Deb Deep Sengupta, Country Manager, SAP India outlines SAP’s GST journey till date and the roadmap ahead.
Has the industry been taken by surprise on the GST regarding the technology readiness which is required?
Companies who are listed in India, that is about 10-20% of all enterprises and have statutory regulations- these enterprises have been preparing for GST since last 6-12 months, at least. For these companies, it is not just about getting themselves GST ready; it is about their tier one/ tier two suppliers to get GST ready. It is also about their customer contracts and internal processes being updated. We are aware of these facts because A) a significant portion of corporate taxes in India are paid by an organization’s customers. B) As a philosophy and a policy, ever since we started our operation in India, we have tried to ensure that our business solutions are statutory compliant.
SAP started its GST journey way back in November 2014 and six months ago, we created GST awareness workshops. We realised that many mid-sized businesses and SMEs and MSMEs across the nation are the ones that needed education and hand-holding. We went to 21 cities for our GST health check drives and also launched specific GST solutions for their benefit.
What are some of the biggest challenges that you see with respect to gearing up for the GST? What are some of the challenges that you have experienced while working with large organisation?
Large organizations usually have multiple suppliers. But not all suppliers will be GST ready, which is a threat to these organizations, as well as to the suppliers. Some of these big organizations have taken a very principled approach and are willing to not work with suppliers who aren’t GST ready. This will push a lot of tier two and tier three suppliers to become GST compliant. Also, large organizations have worked on their fallback options, so technology readiness or preparedness won’t be a big challenge. It is more about the preparedness of the ecosystem and to see how it operates altogether.
What you will say about theSMBs and MSMEs and their issues/challenges?

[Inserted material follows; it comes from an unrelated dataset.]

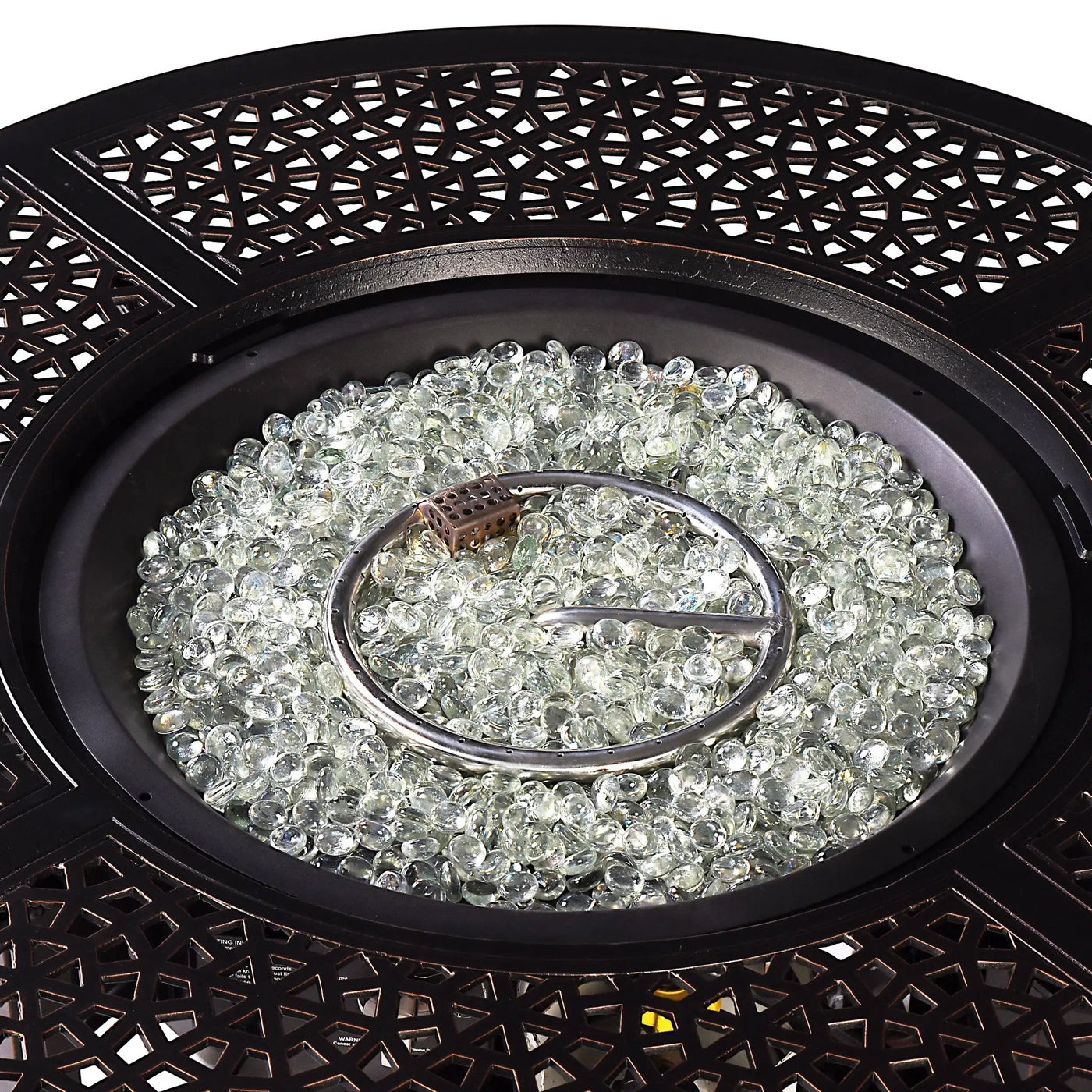 Aluminum 44-in Round Propane Fire Table with Beads, Covers and Lid by Sharicks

For SMBs and MSMEs, GST is more about the awareness of moving from an informal sector to a formal one. But everybody is seeing this as a tax problem, which isn’t correct. SMBs need to check their level of readiness, awareness and what kind of advice they are getting to be technologically ready, not just from compliance perspective will be the key factor. There will be some transient revelations by some of the evolved ones as most of them are entrepreneurs and they learn fast. Every industry has a big network. SMBs will find out what their peers are doing, and then adopt that. It’s a cascading effect and there is a bit of a learning curve. It will take a while for the SMB sector to adjust but there is nothing to worry about as the government also has given a phase-wise GST timeline. We can expect some adjustment issues, especially when it’s a huge ecosystem like India, but it will be a bit of learning curve.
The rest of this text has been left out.